▸ Source records
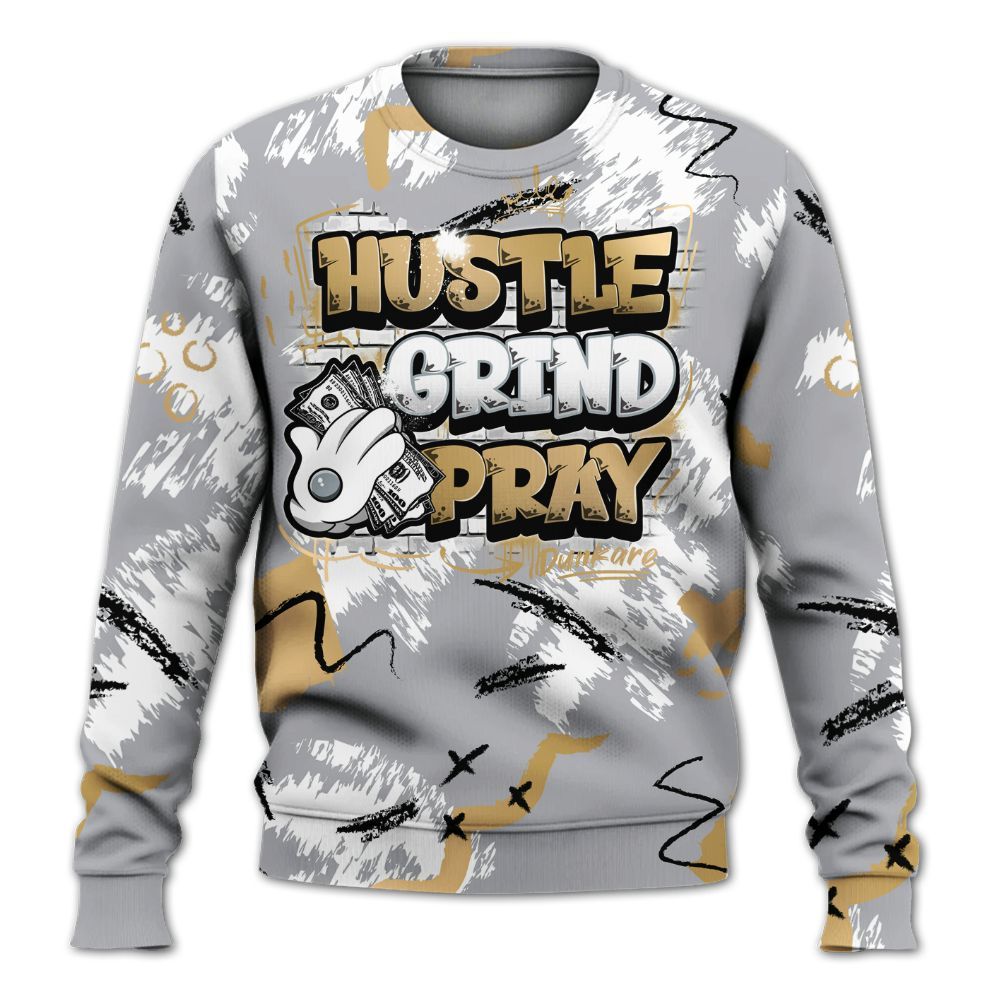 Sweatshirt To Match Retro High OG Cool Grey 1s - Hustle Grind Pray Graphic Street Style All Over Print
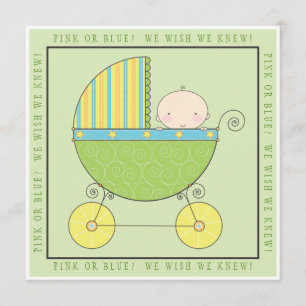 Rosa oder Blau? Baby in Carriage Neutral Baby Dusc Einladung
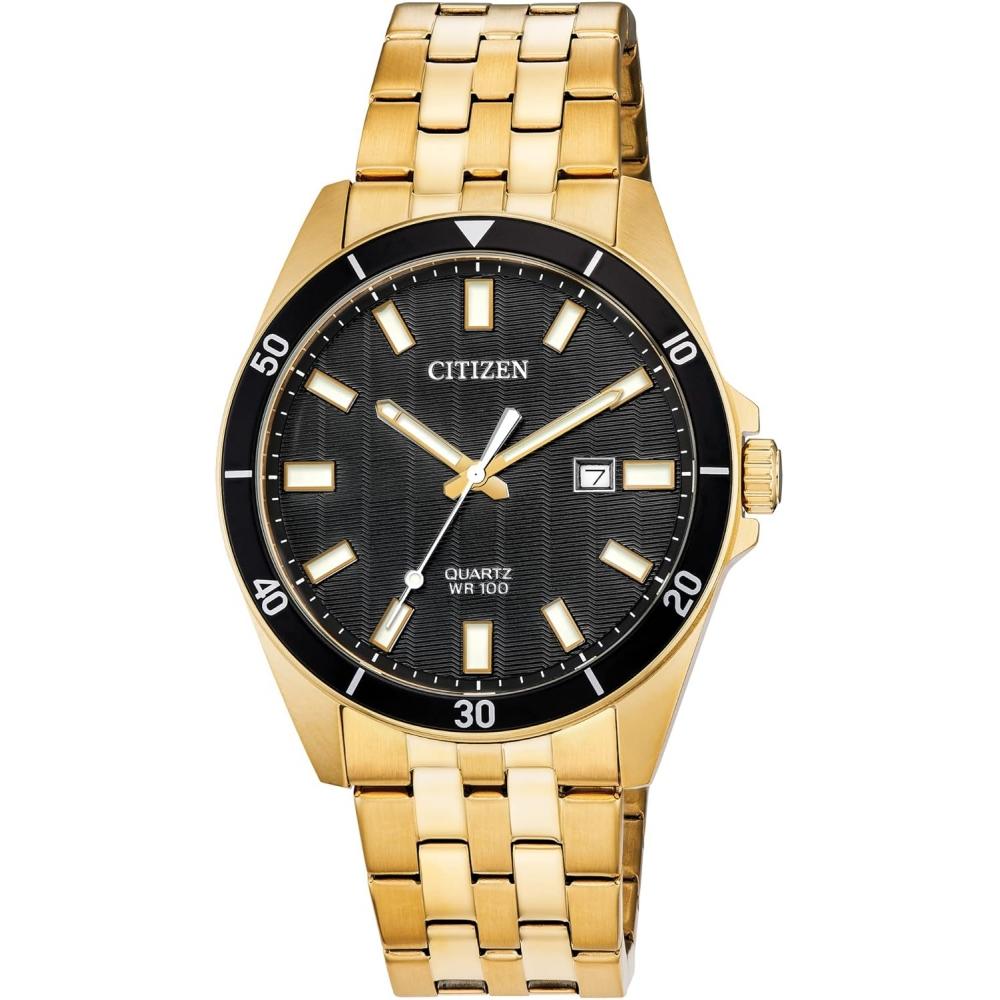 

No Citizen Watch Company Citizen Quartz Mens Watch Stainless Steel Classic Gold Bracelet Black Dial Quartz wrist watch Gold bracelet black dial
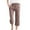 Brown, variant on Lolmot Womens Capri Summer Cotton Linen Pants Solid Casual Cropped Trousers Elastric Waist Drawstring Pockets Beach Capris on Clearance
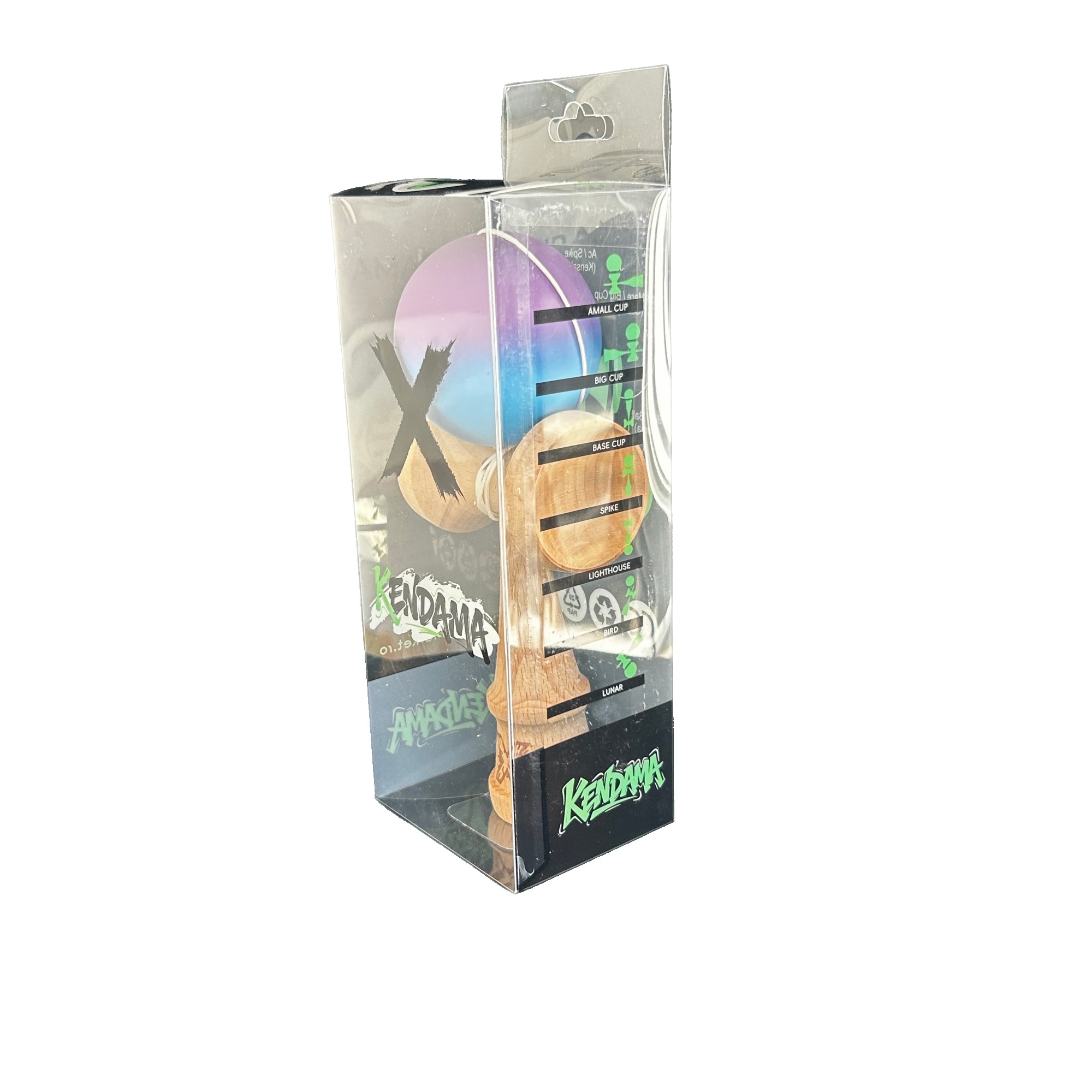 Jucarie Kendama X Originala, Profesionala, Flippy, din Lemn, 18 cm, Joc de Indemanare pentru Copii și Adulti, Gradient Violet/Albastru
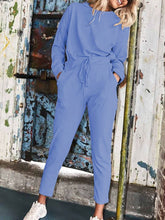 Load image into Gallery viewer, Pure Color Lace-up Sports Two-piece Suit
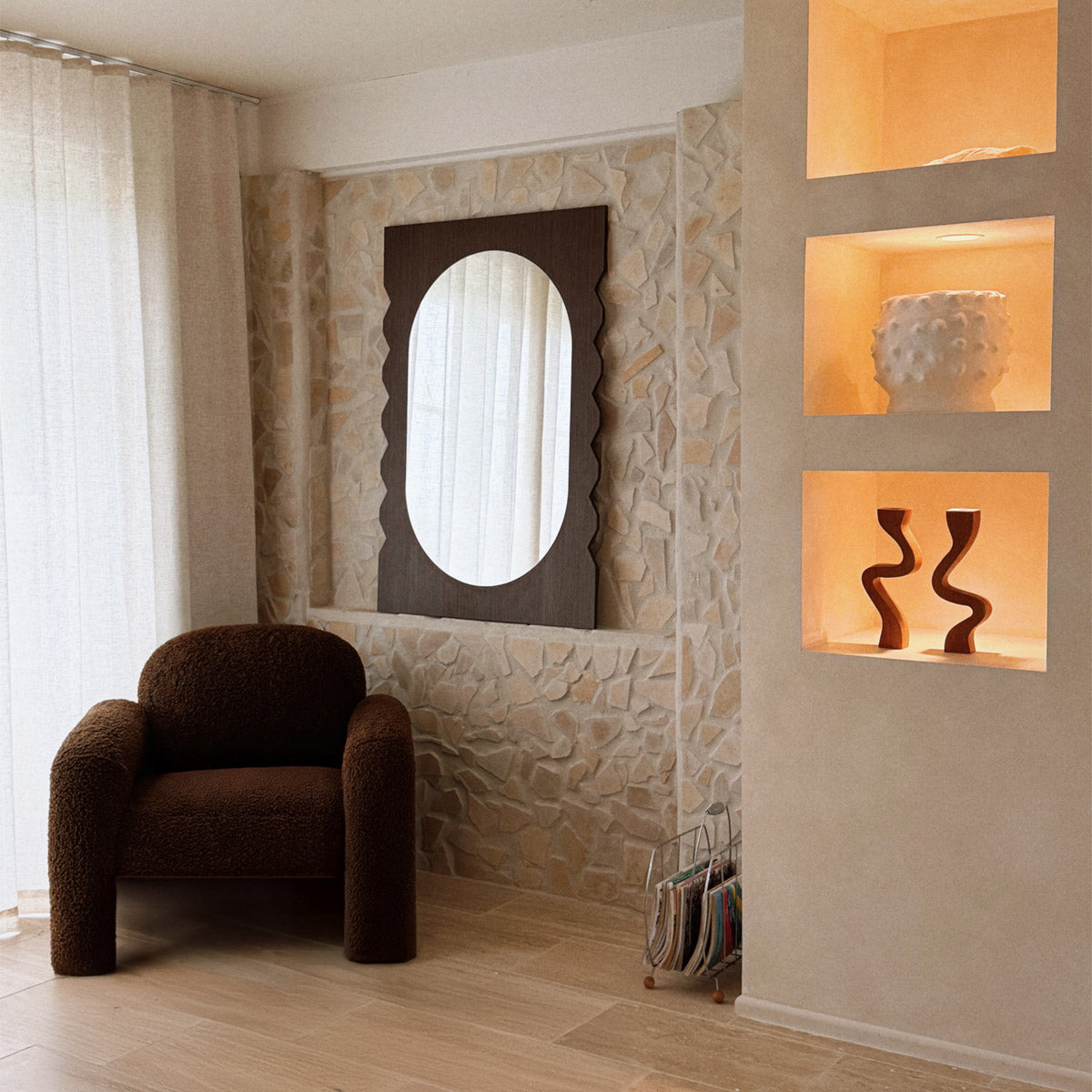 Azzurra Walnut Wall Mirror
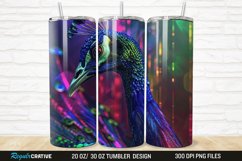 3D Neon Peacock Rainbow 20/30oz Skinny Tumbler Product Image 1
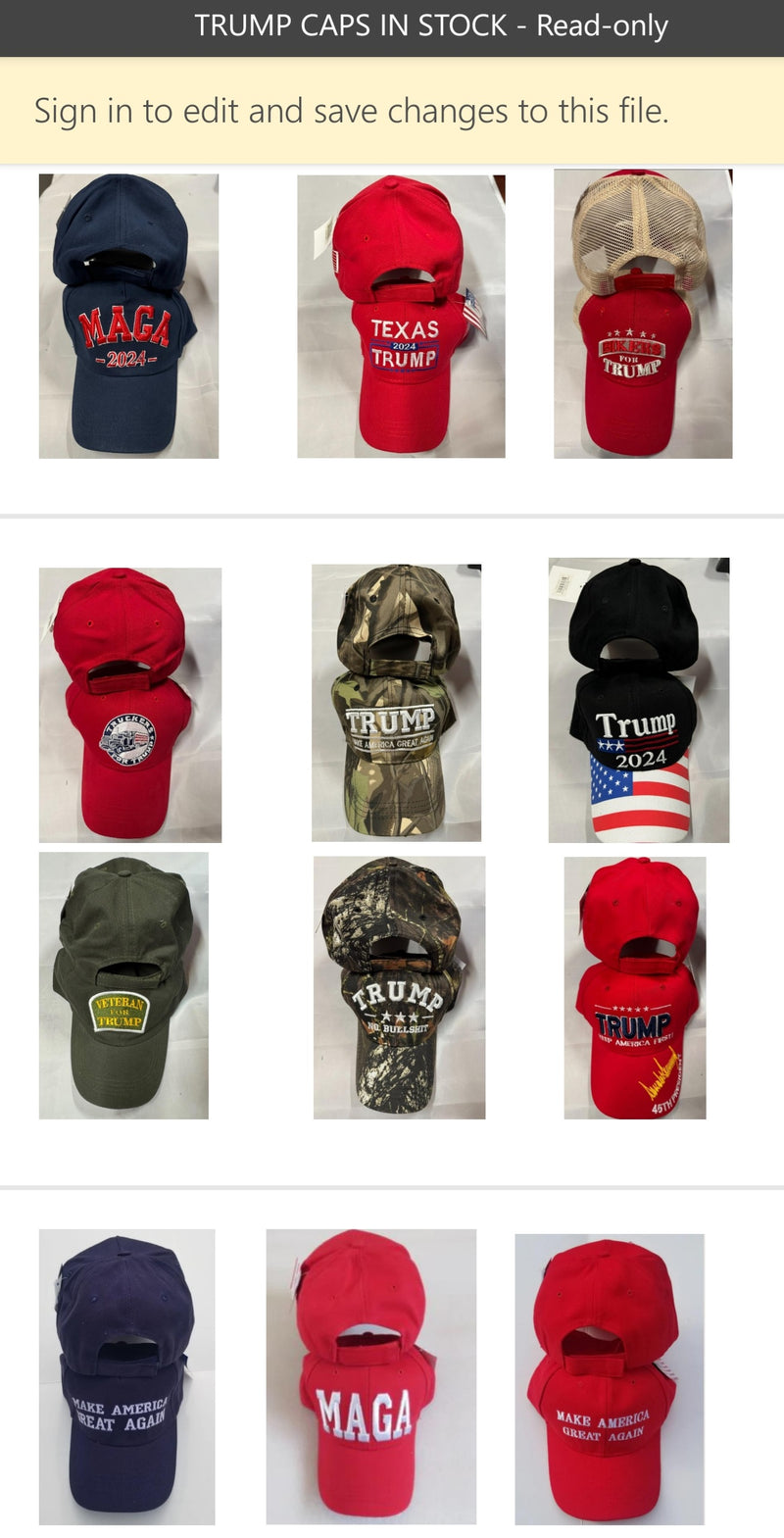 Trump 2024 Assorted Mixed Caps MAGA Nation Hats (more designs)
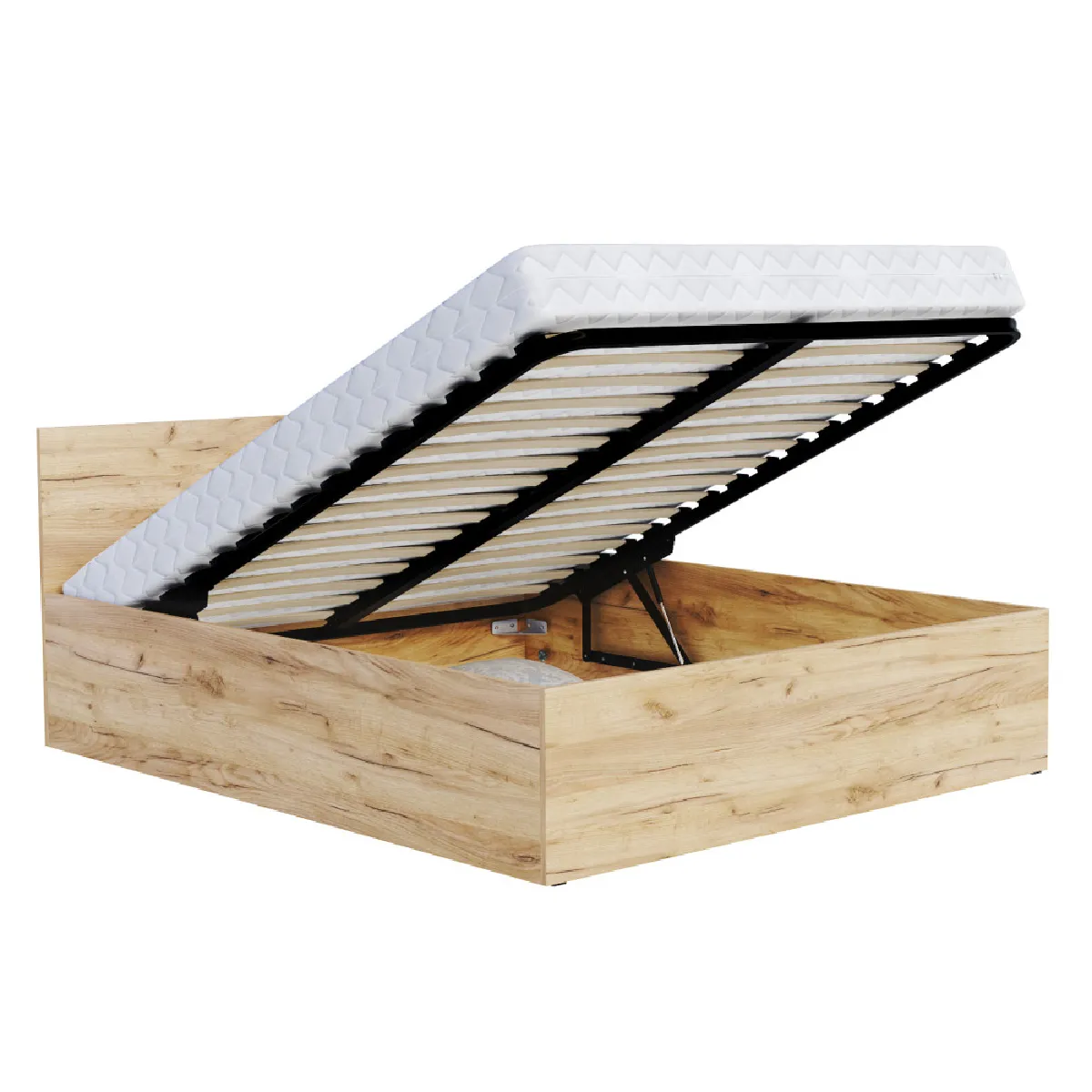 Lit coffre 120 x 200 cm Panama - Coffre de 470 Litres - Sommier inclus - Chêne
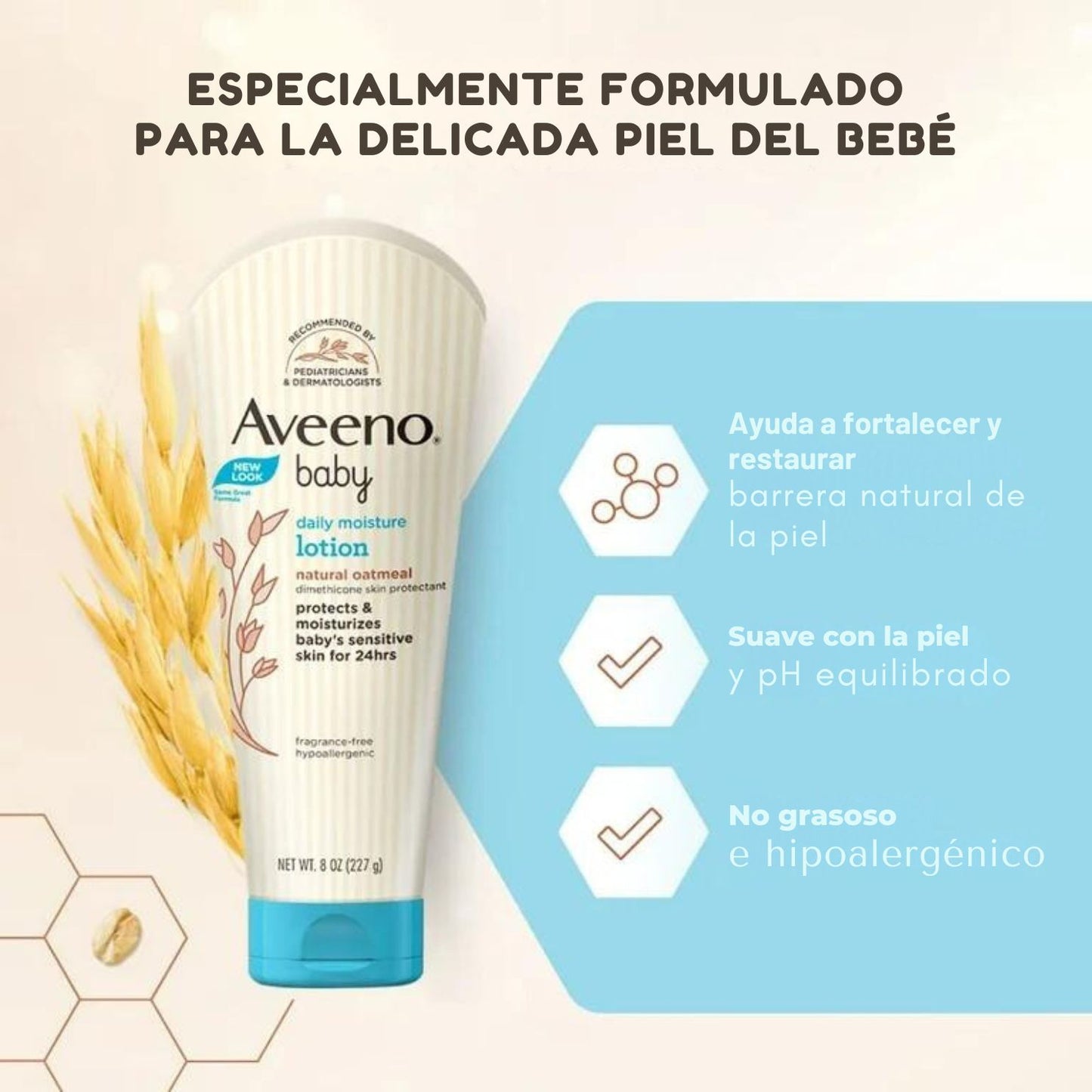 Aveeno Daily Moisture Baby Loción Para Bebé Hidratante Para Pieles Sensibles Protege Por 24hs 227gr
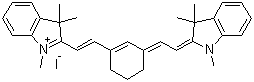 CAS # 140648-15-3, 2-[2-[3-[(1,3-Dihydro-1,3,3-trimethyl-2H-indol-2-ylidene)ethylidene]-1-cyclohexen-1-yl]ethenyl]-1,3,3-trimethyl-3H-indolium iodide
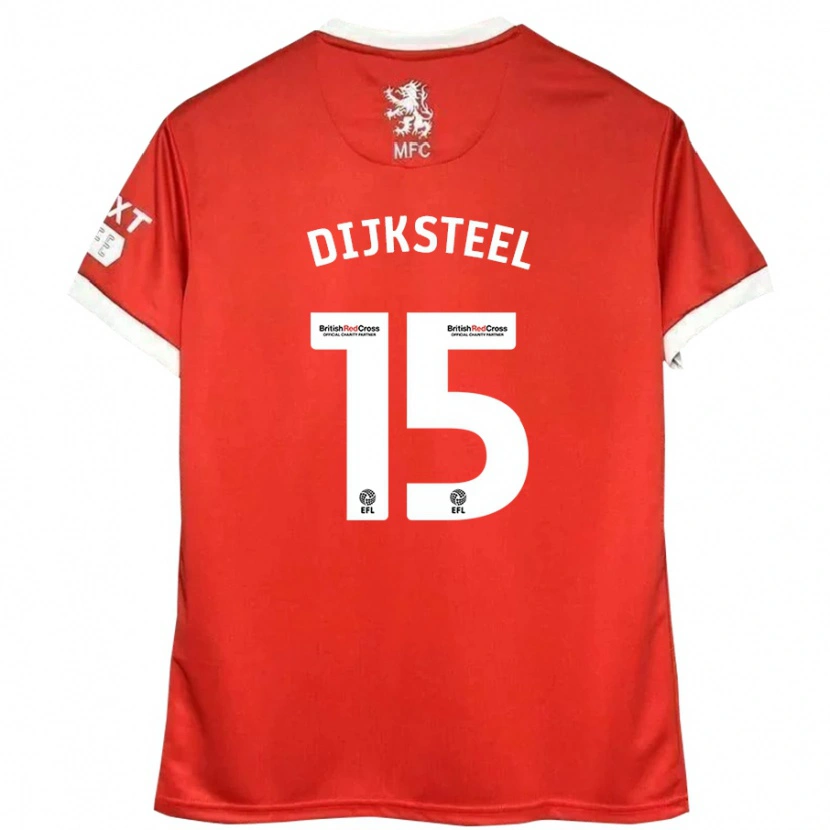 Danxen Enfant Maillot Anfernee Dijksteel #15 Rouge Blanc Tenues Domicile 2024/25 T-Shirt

▸ What you will do
Would you transcribe all of the data exactly, omitting any pictures?

▸ Expected answer
 Sweatshirt To Match Retro High OG Cool Grey 1s - Hustle Grind Pray Graphic Street Style All Over Print
 Rosa oder Blau? Baby in Carriage Neutral Baby Dusc Einladung

No Citizen Watch Company Citizen Quartz Mens Watch Stainless Steel Classic Gold Bracelet Black Dial Quartz wrist watch Gold bracelet black dial
 Brown, variant on Lolmot Womens Capri Summer Cotton Linen Pants Solid Casual Cropped Trousers Elastric Waist Drawstring Pockets Beach Capris on Clearance
 Jucarie Kendama X Originala, Profesionala, Flippy, din Lemn, 18 cm, Joc de Indemanare pentru Copii și Adulti, Gradient Violet/Albastru
 Load image into Gallery viewer, Pure Color Lace-up Sports Two-piece Suit
 Azzurra Walnut Wall Mirror
 3D Neon Peacock Rainbow 20/30oz Skinny Tumbler Product Image 1
 Trump 2024 Assorted Mixed Caps MAGA Nation Hats (more designs)
 Lit coffre 120 x 200 cm Panama - Coffre de 470 Litres - Sommier inclus - Chêne
 Aveeno Daily Moisture Baby Loción Para Bebé Hidratante Para Pieles Sensibles Protege Por 24hs 227gr
 CAS # 140648-15-3, 2-[2-[3-[(1,3-Dihydro-1,3,3-trimethyl-2H-indol-2-ylidene)ethylidene]-1-cyclohexen-1-yl]ethenyl]-1,3,3-trimethyl-3H-indolium iodide
 Danxen Enfant Maillot Anfernee Dijksteel #15 Rouge Blanc Tenues Domicile 2024/25 T-Shirt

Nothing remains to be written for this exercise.